O julgamento no STF, porém, só será concluído em 2009, mesmo que 8 dos 11 ministros decidam pela demarcação contínua. Ficarão faltando três votos: os dos ministros Marco Aurélio de Mello, que pediu vista, de Celso de Mello, que disse que esperaria o colega devolver o pedido de vista para votar, e o do presidente da corte, Gilmar Mendes, que normalmente aguarda os pedidos de vista. Na sessão que ainda será marcada para leitura do voto de Marco Aurélio, os ministros que já se pronunciaram ainda podem mudar seus votos.

Em um voto rápido, o ministro Joaquim Barbosa acompanhou a posição do ministro Direito . Ao defender o modelo de continuidade, Barbosa lembrou que a presença dos índios na região é “imemorial e tradicional”.

Em seguida, o relator do processo, Carlos Ayres Britto, pediu a palavra para fazer um “ajuste” ao próprio voto. Ele, que não havia feito restrições em seu voto original, disse concordar com as ressalvas listadas por Direito, que para o relator servem para “traçar diretivas para a própria execução” da decisão da corte pela União.

– A técnica interessante e inovadora, embora inusual, resulta em altamente proveitosa.

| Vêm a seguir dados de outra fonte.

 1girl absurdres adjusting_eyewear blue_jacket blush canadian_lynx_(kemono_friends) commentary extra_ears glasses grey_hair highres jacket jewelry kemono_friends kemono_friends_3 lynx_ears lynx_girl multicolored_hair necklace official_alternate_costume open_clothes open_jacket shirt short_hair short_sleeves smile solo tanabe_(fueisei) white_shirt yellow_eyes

Não tenho como não aderir – afirmou Ayres Britto.

Antes de Barbosa, o ministro Eros Grau, criticou o modelo de demarcação em ilhas, defendido por arrozeiros e políticos roraimenses, entre eles o governador José de Anchieta Júnior (PSDB).

– Transformar reserva indígena em ilhas é uma velha idéia e um velho sonho conservador – afirmou.

Apesar de ter defendido a continuidade demarcatória, Eros Grau fez questão de ressaltar a nacionalidade brasileira única de índios e não-índios:

– No Brasil, os indígenas, tal como nós, são brasileiros. Nada nos apartará um dos outros. Não há mais de uma nacionalidade nessa Terra de Santa Cruz.